Updated: Dec 5, 2025

Augmenting Large Language Models via Vector Embeddings to Improve Domain-Specific Responsiveness
03:14

Augmenting Large Language Models via Vector Embeddings to Improve Domain-Specific Responsiveness

Published on: December 6, 2024

881

Domain Adversarial Reinforcement Learning for Partial Domain Adaptation.

Jin Chen, Xinxiao Wu, Lixin Duan

    IEEE Transactions on Neural Networks and Learning Systems
    |October 16, 2020
    PubMed
    Summary
    This summary is machine-generated.

    This study introduces a domain adversarial reinforcement learning (DARL) framework for partial domain adaptation.

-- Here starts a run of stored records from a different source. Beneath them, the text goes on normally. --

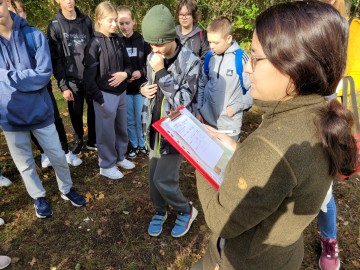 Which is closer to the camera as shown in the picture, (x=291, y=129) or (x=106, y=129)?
(x=291, y=129)

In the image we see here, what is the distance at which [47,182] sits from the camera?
423cm

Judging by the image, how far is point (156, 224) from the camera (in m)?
3.36

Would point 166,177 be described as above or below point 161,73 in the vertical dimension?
below

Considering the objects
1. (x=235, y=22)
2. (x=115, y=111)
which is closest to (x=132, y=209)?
(x=115, y=111)

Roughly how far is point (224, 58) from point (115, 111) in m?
1.64

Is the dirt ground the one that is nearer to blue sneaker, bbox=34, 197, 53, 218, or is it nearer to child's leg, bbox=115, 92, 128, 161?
blue sneaker, bbox=34, 197, 53, 218

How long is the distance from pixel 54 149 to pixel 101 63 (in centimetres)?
124

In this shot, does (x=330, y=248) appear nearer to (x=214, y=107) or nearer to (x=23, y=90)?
(x=214, y=107)

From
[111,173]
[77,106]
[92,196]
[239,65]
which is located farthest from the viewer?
[77,106]

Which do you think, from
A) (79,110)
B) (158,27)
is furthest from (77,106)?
(158,27)

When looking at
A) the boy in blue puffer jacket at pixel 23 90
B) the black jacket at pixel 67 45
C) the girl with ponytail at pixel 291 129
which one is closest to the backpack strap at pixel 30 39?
the boy in blue puffer jacket at pixel 23 90

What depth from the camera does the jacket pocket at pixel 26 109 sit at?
9.55 feet

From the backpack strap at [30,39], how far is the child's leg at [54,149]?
2.67 feet

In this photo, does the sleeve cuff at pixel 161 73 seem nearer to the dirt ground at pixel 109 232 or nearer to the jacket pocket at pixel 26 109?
the jacket pocket at pixel 26 109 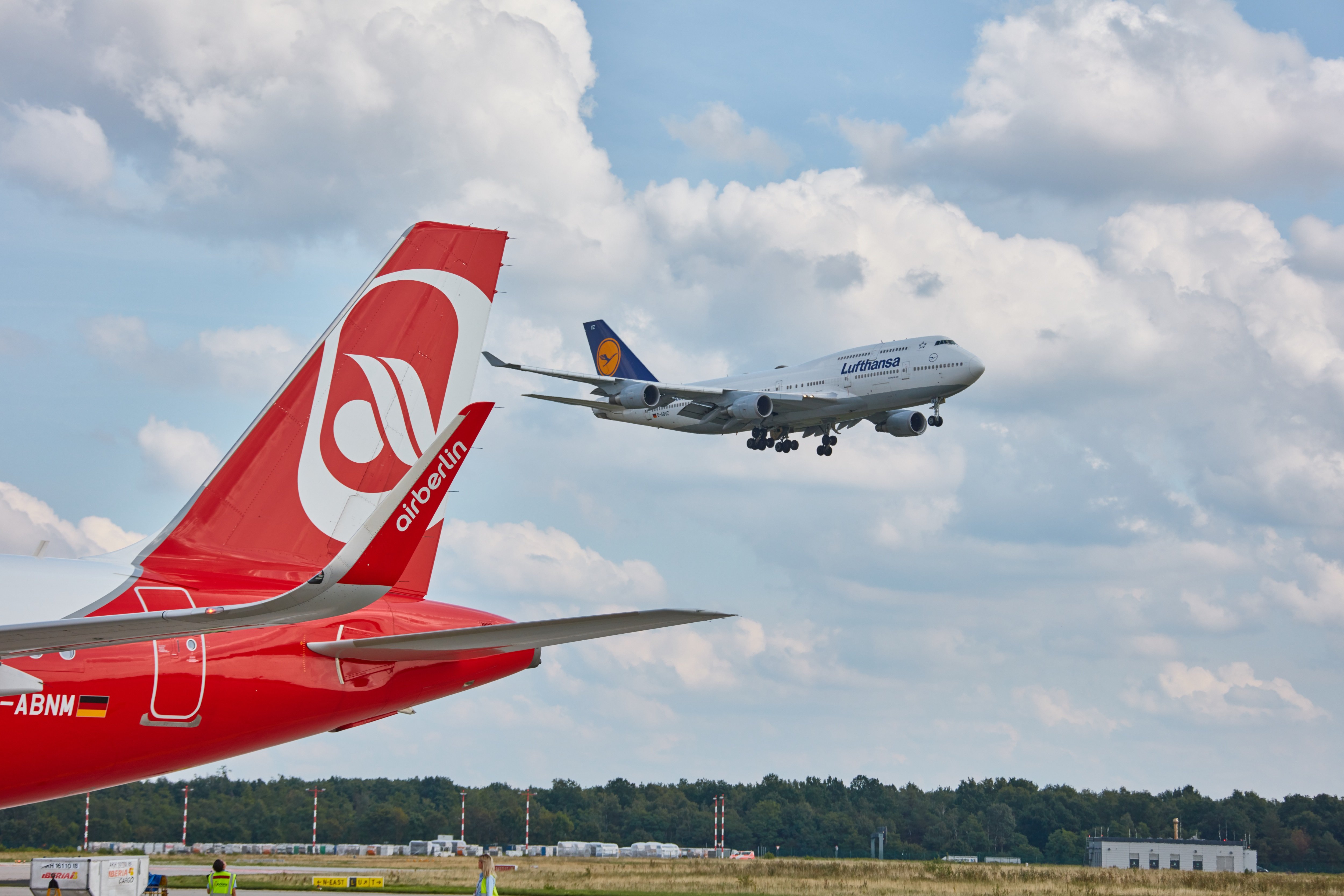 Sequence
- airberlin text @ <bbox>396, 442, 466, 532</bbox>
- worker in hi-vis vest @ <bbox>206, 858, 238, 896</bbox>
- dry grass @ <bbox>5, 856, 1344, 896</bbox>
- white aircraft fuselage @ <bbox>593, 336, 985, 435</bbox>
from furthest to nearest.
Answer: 1. white aircraft fuselage @ <bbox>593, 336, 985, 435</bbox>
2. dry grass @ <bbox>5, 856, 1344, 896</bbox>
3. worker in hi-vis vest @ <bbox>206, 858, 238, 896</bbox>
4. airberlin text @ <bbox>396, 442, 466, 532</bbox>

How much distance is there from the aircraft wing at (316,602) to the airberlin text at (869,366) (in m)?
44.3

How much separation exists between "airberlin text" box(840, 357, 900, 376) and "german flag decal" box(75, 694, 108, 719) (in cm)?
4314

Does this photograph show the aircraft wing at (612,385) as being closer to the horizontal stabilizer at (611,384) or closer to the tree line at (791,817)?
the horizontal stabilizer at (611,384)

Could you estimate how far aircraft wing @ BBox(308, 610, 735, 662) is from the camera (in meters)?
8.20

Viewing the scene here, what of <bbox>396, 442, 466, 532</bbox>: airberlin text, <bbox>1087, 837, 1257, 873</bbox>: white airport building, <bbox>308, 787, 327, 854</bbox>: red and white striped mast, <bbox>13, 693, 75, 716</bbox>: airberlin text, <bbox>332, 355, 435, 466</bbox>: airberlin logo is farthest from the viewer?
<bbox>1087, 837, 1257, 873</bbox>: white airport building

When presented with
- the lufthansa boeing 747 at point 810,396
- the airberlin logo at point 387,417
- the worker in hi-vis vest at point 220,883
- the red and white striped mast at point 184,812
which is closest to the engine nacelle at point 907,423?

DARL effectively selects source data to improve knowledge transfer to label-scarce target domains.

    Related Experiment Videos

    Last Updated: Dec 5, 2025

    Augmenting Large Language Models via Vector Embeddings to Improve Domain-Specific Responsiveness
    03:14

    Augmenting Large Language Models via Vector Embeddings to Improve Domain-Specific Responsiveness

    Published on: December 6, 2024

    881

    Area of Science:

    • Machine Learning
    • Artificial Intelligence
    • Computer Vision

    Background:

    • Partial domain adaptation addresses knowledge transfer when target domain categories are a subset of source categories.
    • A key challenge is selecting relevant source instances for positive knowledge transfer.
    • Existing methods struggle with effective source instance selection in this scenario.

    Purpose of the Study:

    • To propose a novel framework, domain adversarial reinforcement learning (DARL), for effective partial domain adaptation.
    • To address the challenge of source instance selection for improved knowledge transfer.
    • To reduce domain shift by learning transferable features.

    Main Methods:

    • Utilizes deep Q-learning to develop an agent for progressive source instance selection.
    • Employs domain adversarial learning to create a shared feature subspace for source and target domains.
    • Integrates domain adversarial learning into the agent's reward calculation for relevance assessment.

    Main Results:

    • The proposed DARL framework demonstrates superior performance compared to state-of-the-art methods.
    • Extensive experiments on benchmark datasets validate the effectiveness of the approach.
    • DARL successfully learns transferable features by reducing domain shift.

    Conclusions:

    • DARL offers a robust solution for partial domain adaptation by optimizing source instance selection.
    • The framework effectively bridges the domain gap, enhancing knowledge transfer.
    • This approach advances the field of domain adaptation for practical applications.